The nation's beleaguered real estate market last month seemed suddenly reborn on Wall Street, where the stocks of home builders Kaufman & Broad Home Corp. and PHM Corp. spurted to yearly highs after the Federal Reserve Board cut interest rates sharply.
But on Main Street, where many office buildings and homes continue to languish unsold, the ravages of last year's real estate slump won't so easily disappear, experts say.
"I don't expect an upturn in real estate for several more months," said Richard Peiser, director of the Lusk Center for Real Estate Development, a nonprofit study organization.

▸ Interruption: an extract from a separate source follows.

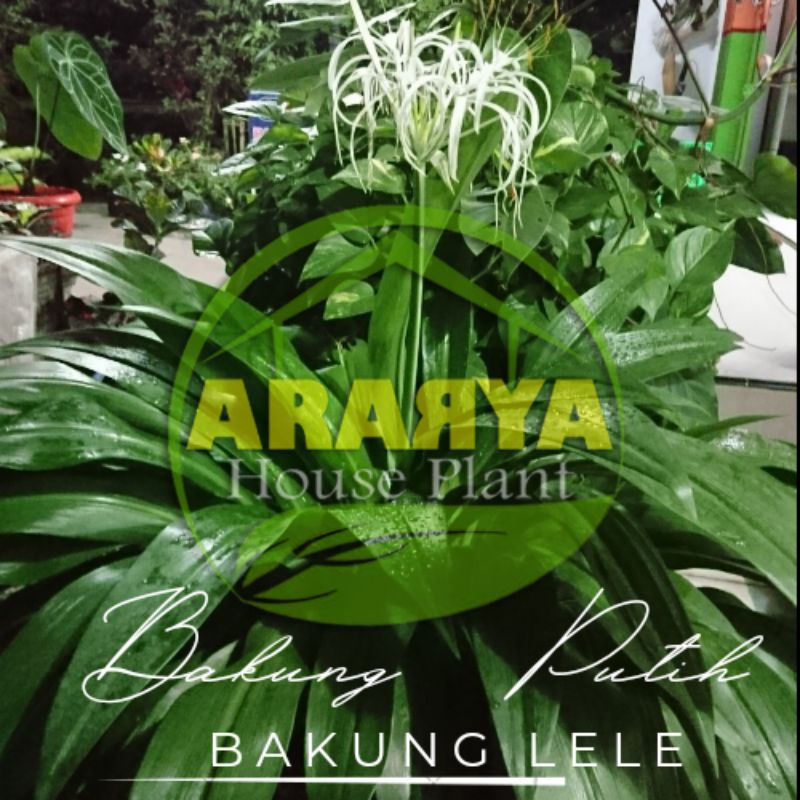 Bunga Bakung Putih / Bakung Lele / Bakung Air Mancur / Amarilis Putih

"A year from now, the outlook should be a lot more positive for residential real estate than it is now," he said. "But the industry will continue to experience some sluggishness."
After a decade of growth, the nation's real estate market ground virtually to a halt last winter and, despite a brief upturn after victory in the Persian Gulf, hasn't moved much since. That's especially true in California and the Northeast, where widespread layoffs and a sluggish economy have chilled a decade of speculative fever that turned more than a few middle-income homeowners and shrewd real estate developers into a wealthy new class of landed privilege.
The effects have rippled beyond U.S. borders to foreign developers who bet heavily on U.S. real estate. Maruko Inc., the Tokyo-based owner of such prominent Southern California hotels as the Hollywood Roosevelt and Hyatt Grand Champions in Indian Wells, last year became one of the largest Japanese companies to file for protection from creditors after three years of aggressively expanding its U.S. real estate holdings.
Although the California economy is the nation's most diverse, with strong industries in agriculture, entertainment and international trade, some analysts predict that it may as long as a decade to absorb all the excess office space that has sprung up in Orange County and downtown Los Angeles.
Since 1987, for example, the office vacancy rate in greater Los Angeles has risen to 20.9% from 13.9%, according to Cushman & Wakefield of California Inc.
Likewise, home sales were so lackluster last year in California and most of the rest of the nation that even sharply lower interest rates haven't sparked a sustained rebound.